Корелли пристыженно взглянул на нее, а потом ухмыльнулся.

– Наверное, он скажет: «Какой шлюхин сын научил мою девочку говорить \"шлюха\"?»

В деревне не нашлось никого, кто отказался бы присоединиться к растянувшейся гурьбе любопытных, что, извиваясь по утесам, спускалась к отмели. Внизу они принялись показывать пальцами и кричать: «Вон она, вон мина!» Действительно, мина уселась с обманчивым видом своей уместности и невинности на самом краю спесивого моря.

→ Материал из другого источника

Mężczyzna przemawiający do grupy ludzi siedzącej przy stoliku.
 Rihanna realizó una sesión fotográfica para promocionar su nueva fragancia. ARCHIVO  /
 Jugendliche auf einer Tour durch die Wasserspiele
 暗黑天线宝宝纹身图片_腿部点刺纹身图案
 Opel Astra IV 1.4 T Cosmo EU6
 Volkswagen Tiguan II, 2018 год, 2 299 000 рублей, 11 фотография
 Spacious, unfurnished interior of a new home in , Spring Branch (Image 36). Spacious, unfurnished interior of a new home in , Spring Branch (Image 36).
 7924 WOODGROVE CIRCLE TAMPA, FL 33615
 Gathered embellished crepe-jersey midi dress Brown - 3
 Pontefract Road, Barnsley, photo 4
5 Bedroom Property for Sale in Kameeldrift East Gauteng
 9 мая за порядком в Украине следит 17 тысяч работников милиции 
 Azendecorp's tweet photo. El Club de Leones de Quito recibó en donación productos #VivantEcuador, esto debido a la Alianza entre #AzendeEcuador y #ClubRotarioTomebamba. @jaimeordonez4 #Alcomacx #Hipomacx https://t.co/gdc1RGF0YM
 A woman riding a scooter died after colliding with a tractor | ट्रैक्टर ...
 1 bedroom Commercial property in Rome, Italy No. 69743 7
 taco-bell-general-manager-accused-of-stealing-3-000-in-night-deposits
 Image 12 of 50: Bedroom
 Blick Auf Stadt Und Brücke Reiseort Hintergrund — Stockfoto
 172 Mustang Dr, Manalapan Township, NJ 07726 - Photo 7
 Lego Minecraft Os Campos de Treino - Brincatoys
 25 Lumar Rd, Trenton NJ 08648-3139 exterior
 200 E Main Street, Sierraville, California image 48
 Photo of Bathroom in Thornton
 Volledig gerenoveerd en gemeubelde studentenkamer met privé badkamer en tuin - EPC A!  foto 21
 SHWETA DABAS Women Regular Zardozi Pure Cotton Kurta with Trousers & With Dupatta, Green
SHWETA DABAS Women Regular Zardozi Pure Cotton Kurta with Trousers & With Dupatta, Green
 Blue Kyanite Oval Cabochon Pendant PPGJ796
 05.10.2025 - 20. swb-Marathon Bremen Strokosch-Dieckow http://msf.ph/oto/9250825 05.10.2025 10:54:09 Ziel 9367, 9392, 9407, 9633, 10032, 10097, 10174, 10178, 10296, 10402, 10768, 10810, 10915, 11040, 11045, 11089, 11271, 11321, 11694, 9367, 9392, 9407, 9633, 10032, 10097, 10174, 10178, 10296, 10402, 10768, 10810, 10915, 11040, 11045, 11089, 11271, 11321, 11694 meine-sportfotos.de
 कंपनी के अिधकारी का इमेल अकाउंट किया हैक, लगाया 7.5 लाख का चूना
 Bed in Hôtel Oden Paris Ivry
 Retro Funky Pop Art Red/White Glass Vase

Шар в рост человека, немного приплюснутый сверху, усаженный тупыми рогами, отчего напоминал неестественно огромный конский каштан или громадного морского ежа, чьи колючки только что вырвались из схватки с армейским цирюльником.

Жители столпились вокруг на почтительном расстоянии, а капитан с Карло подошли ближе осмотреть ее.

– Как думаешь, сколько тут взрывчатки? – спросил Карло.

– Бог его знает, – ответил капитан. – На линкор хватит. Придется оцепить ее и взорвать. Не представляю, как еще ее обезвредить.

– Великолепно! – воскликнул Карло. Несмотря на ужасы Албании, он до глубины души любил взрывы и не утратил мальчишеского восторга перед безвредным разрушением.

– Возвращайся на базу и возьми динамит, бикфордов шнур и один электрический плунжер. Я останусь здесь и организую жителей.

– Турецкая, – сказал Карло, показывая на витые буквы, которые всё еще были заметны под обширными хлопьями и оспинами ржавчины. – Плавала, наверное, лет двадцать или больше – с самой великой войны.

– Merda,[131] просто невероятно, – сказал Корелли, – настоящее чудище. Наверное, за это время вся взрывчатка пришла в негодность.

– Значит, сильно не бабахнет? – разочарованно спросил Карло.

– Бабахнет, если привезешь побольше динамита, testa d\'asino.

– Намек понял, – сказал Карло и направился по берегу в деревню.

Корелли повернулся к Пелагии, которая по-прежнему удивленно рассматривала огромное древнее орудие убийства.

– Скажи Лемони, что если она когда-нибудь, где-нибудь найдет что бы то ни было, что сделано из железа, и она не знает, что это такое, то она не должна никогда, никогда дотрагиваться до этого, а нужно тут же прибежать и рассказать мне. Скажи ей, чтобы она рассказала об этом всем остальным детям.

Корелли попросил Пелагию перевести и, жестикулируя, обратился к собравшимся вокруг жителям.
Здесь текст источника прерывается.